Sunday, March 29, 2026

North Africa’s Largest Economy Triggers Emergency Measures, Slashes Fuel Use Amid Iran War Fallout

Solomon Ekanem

29 March 2026 03:09 PM

North Africa’s largest economy, Egypt, is rolling out emergency energy-saving measures as the economic shock from the Iran war ripples beyond the Middle East, tightening fuel supplies and putting pressure on public finances.

Egypt is implementing emergency energy-saving measures due to economic shocks from the Iran war affecting fuel supplies.

The government will cut fuel allocations for state vehicles by 30% and slow down large infrastructure projects.

Most public and private sector workers, except essential services and manufacturing, will work remotely every Sunday in April.

Disruptions around the Strait of Hormuz are causing higher fuel prices, increased inflation, and public transport costs in Egypt.

According to Reuters, Prime Minister Mostafa Madbouly announced that the government will cut fuel allocations for all state vehicles by 30% and scale back large infrastructure projects dependent on diesel for at least two months.

In addition, both public and private sector workers excluding essential services and manufacturing, will work remotely every Sunday in April, a move that could be extended if pressures persist.

“Egypt will slow down large state projects that involve high fuel and diesel consumption… while fuel allocations for all government vehicles will be cut by 30%,” Madbouly said, adding that remote work could be prolonged “if the war continues.”

Strait of Hormuz disruption amplifies Africa’s energy strain

The measures reflect Egypt’s exposure to global energy shocks, particularly as tensions around the Strait of Hormuz disrupt oil and gas flows.

As one of the world’s most critical shipping routes, any instability in the corridor has immediate consequences for fuel-importing economies across Africa.

For Egypt, which relies heavily on imported energy, the fallout has been swift.

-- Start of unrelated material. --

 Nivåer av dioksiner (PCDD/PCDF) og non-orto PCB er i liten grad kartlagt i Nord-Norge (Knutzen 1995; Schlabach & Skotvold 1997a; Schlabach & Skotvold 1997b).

Rising global prices have already forced fuel price increases and higher public transport costs, adding to inflationary pressures and squeezing households.

Across the continent, similar dynamics are unfolding, with governments facing higher import bills, currency strain, and difficult fiscal trade-offs.

Despite the austerity measures, Cairo has sought to reassure citizens that the steps are temporary. The government is weighing an increase in the minimum wage and higher allocations for healthcare and education in the upcoming fiscal year to cushion the impact.

Meanwhile, Finance Minister Ahmed Kouchouk said debt servicing costs - already one of the largest components of government spending, are projected to rise by about 5% in the next fiscal cycle.

As global energy markets remain volatile, Egypt’s response underscores a broader reality: external shocks tied to Middle East supply routes continue to shape economic policy across Africa, exposing the continent’s dependence on imported fuel and fragile trade corridors.